トランプ関税契機に世界は「同じ道」たどるか?
自立と連携を選択、緩やかに「米国離れ」
第2次トランプ政権は立て続けに相互関税や鉄鋼、自動車などへの高率関税を導入するなど保護主義的姿勢を強め、世界では大きな混乱が生じている。各国との間で関税見直しなどの通商交渉が続いているが、対中国30%関税や一律10%関税、鉄鋼・自動車などの品目別関税に加え、株価下落や不確実性の上昇を織り込んだ前提で、トランプ関税による経済影響を試算したところ、世界経済は短期(今後1~2年程度)的に▲1.1%下押し効果が見込まれる(図表1)。
トランプ関税に対する各国の報復措置が今後実施されれば、悪影響はさらに拡大する。
1929年の世界恐慌を受けて自国産業保護のために米国はスムート・ホーリー法による高関税を導入した。これに対し、各国が報復措置をとったことでブロック経済化を招いた。結果として世界の貿易量は7割近く減少することとなった。
幸いにして、これまでのところ1930年代のような最悪のシナリオは回避されているが、当時と異なるのは、各国が過去の教訓を生かして報復を自制し、米国との二国間通商交渉による解決を模索していることに加え、「自立」と「連携」を選択していることだ。
米国が保護主義姿勢を強めるなかで、各国は経済的な自立を図り、地政学ショックに対する耐性を強化している。

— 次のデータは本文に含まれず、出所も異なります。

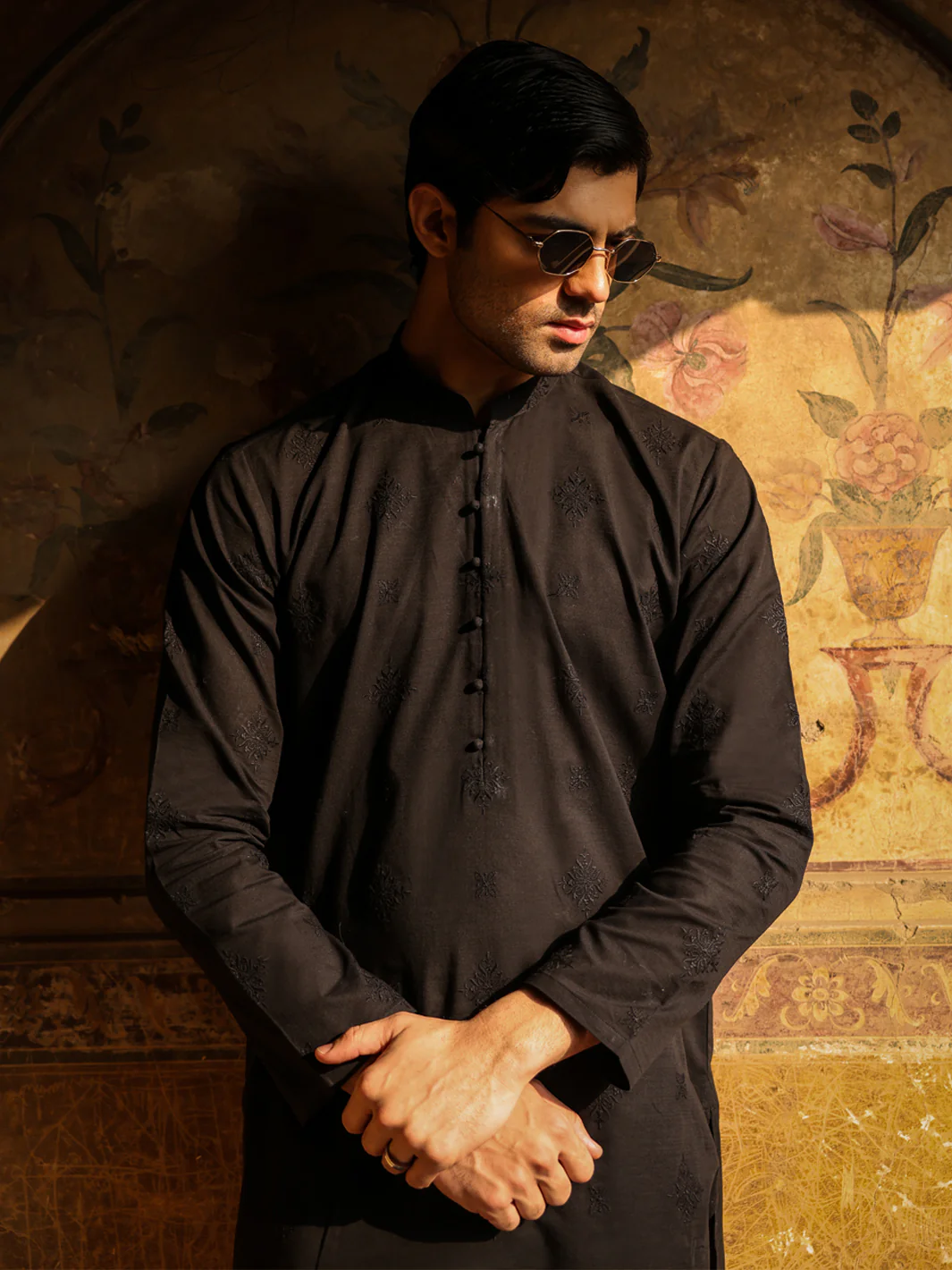 BLACK COTTON KURTA | AL-K-1306B/AM-15132-1D - Image 5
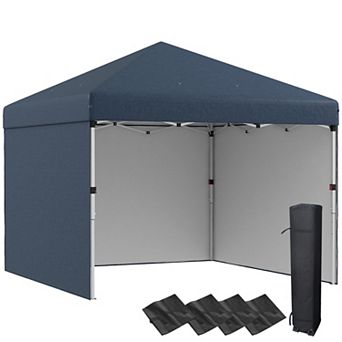 Outsunny 10' X 10' Pop Up Canopy With 3 Sidewalls And Carry Bag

また、米国向け輸出が厳しくなる分、非米国間で連携強化・貿易活発化させようという動きも見られる。
トランプ関税に代表される米国の保護主義がもたらすものは、1930年代のようなブロック経済化ではなく、戦後の国際秩序の担い手だった米国の存在感の低下、つまり緩やかな「米国離れ」となる可能性が高い。
欧州やASEANなど米国との関係が親密な諸国でも「米国離れ」は起きているなか、安全保障を米国に依存する日本は難しい立場だ。